What are the differences in matcha quality?
There are many differences even between Japanese matcha, which can depend on how it is grown and harvested, where it comes from, and how finely it has been ground. These differences affect both the color and the taste, particularly the level of umami (うま味 in Japanese), which Japanese people say is the fifth taste sensation, somewhere in between sweetness, sourness, bitterness, and saltiness.
Vibrant green matcha indicates higher quality. The tencha leaves which are ground into matcha, are carefully shaded to produce a sweeter taste and brighter green color. Also, the best leaves are plucked from the top of the stems, and in earlier harvests ( the plants may be harvested 3 or 4 times in a season ). Matcha which is more yellow in color probably comes from later harvests and leaves picked from lower down the stems.
Just like with wine, temperatures and the natural qualities of the ground in which the tea plant has grown can greatly affect the taste of the matcha, particularly the level of umami and sweetness. For example, matcha coming from the warmer, southern island of Kyushu, with soil rich in minerals from volcanic activity, has a natural sweetness than say, one from the famous Uji region near Kyoto in the central area of Japan.
More premium matcha has also been milled to a much finer powder which at the extreme becomes more like smoke than a powder!
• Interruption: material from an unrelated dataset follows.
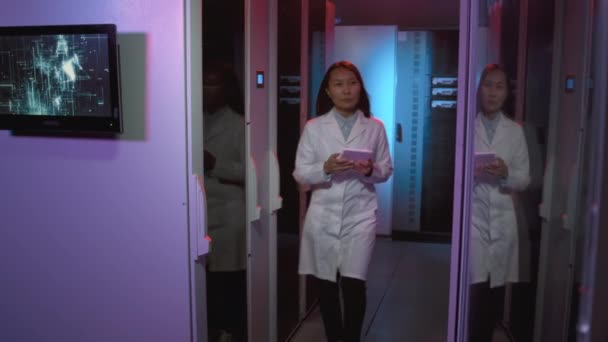 跟踪照片 身穿实验室外套 手持平板电脑 在数据中心行走 然后检查交换机或其他计算机设备的亚洲女网络工程师 — 图库视频影像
The coarser matcha usually has a stronger taste, sometimes a bit 'chalky', and is better suited to mixing as an ingredient in cakes, ice-creams, and for making smoothies and latté drinks, where the matcha taste need to overcome the strong milk or cream taste.
How about organic matcha?
Generally, organic matcha is considered lower quality but there are a few producers who have overcome the challenges of organic production to compete with some of the very best ceremonial grade matcha.
How is matcha graded?
There is, surprisingly, no official grading of matcha. Instead, the farmers split their production into various grades depending on the time of harvest and the amount of milling of the tencha leaves, and how much demand they see from different types of customers. The very best grades are usually sold to tea ceremony masters and schools and hence they become known as ceremonial grade ( actually, some really ultra-fine grades are supplied to the royal family and not even offered for sale! ). But do watch out as many matcha brands hijack this term and promote mediocre matcha as a ceremonial grade when it's clearly not up to that standard. The best advice is to look carefully at the company selling the matcha, and decide if you trust their claims, depending on their location, the amount of information they provide about the original of the matcha, and whether they sell only matcha on the internet, or have a good range of loose-leaf teas also. That indicates whether they really know and understand Japanese green tea. There are many drop-shippers out there, who probably never even taste their own matcha, offer only one grade and size, and just have it shipped directly from China or a lower quality producer in Japan. So please be careful!